As time moves on, our definition of what constitutes ‘essential’ services changes. For thousands of years, man lived without such luxuries as electricity, drinking water supplied to their homes, fuel-powered transport and adequate healthcare. Gradually, these services have become ones we class as necessities, and are therefore always hot topics for whether they should be under private or state ownership.
In the last 20 years, the main introduction to our lives that’s now seen as a must-have is the internet. The Office for National Statistics reports that 89% of us are ‘recent internet users’, and in 2015, the then US President Barack Obama claimed the internet was “not a luxury, it is a necessity.”
With attitudes towards the internet rapidly changing from it being something of a novelty to a tool we cannot live without, it’s perhaps inevitable that questions are sometimes asked about whether some or all of it should come out of private hands and instead become state owned and taxpayer funded. Last week, an article published by The Guardian argued in favour of this.
Aside from the argument that it makes valuable services available to everyone, proponents of nationalisation often contend that it prevents monopolies and ensures services are run more in accordance with public interest. It’s this point that the article writer Nick Srnicek primarily makes, arguing that the likes of Google, Facebook and Amazon have little in the way of competition and they have become too big to operate in the interests of their users. Srnicek draws attention to Facebook gobbling up rival services like Instagram and WhatsApp with the vast wealth it has at its disposal, and the potential for Amazon’s involvement in the grocery sector to lead to price wars.

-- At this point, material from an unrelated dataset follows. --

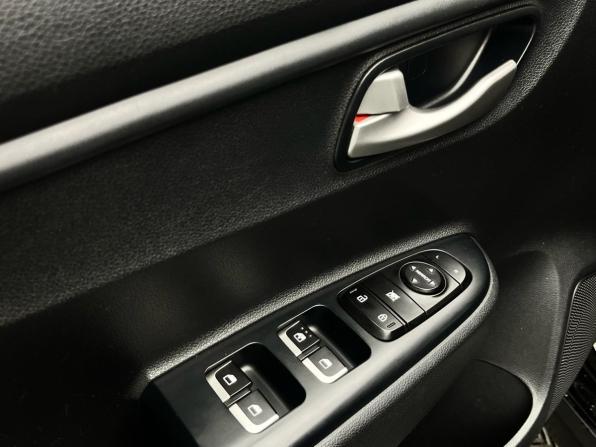 Kia Rio IV с пробегом 2017 года, цена 1 099 000 рублей, 151292 км, седан, Автокод Объявления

An argument not made by Srnicek but pointed out by some readers in the comments section is the controversial amounts of tax paid by major digital firms like Google and Facebook, the latter of which made headlines by paying a meagre £4,327 in corporation tax in 2014. It could be argued that a state-owned alternative would be able to give more while taking less.
However, nationalising Facebook or any other internet service would not be without its flaws, as Forbes robustly pointed out in 2012. Of the 10 arguments the article puts forward, perhaps the most significant is the rapidly evolving state of social media and the wider internet. What if somebody had thought to nationalise Myspace or Friends Reunited when they were at their peak? Who’s to say that in 10 or 15 years’ time, something won’t have replaced Facebook, leaving us with a state-owned, taxpayer-funded dead duck?
Maybe plans to nationalise the biggest tech sites can be filed alongside ones to make the internet free – a nice idea, but not one that can realistically be implemented in the foreseeable future.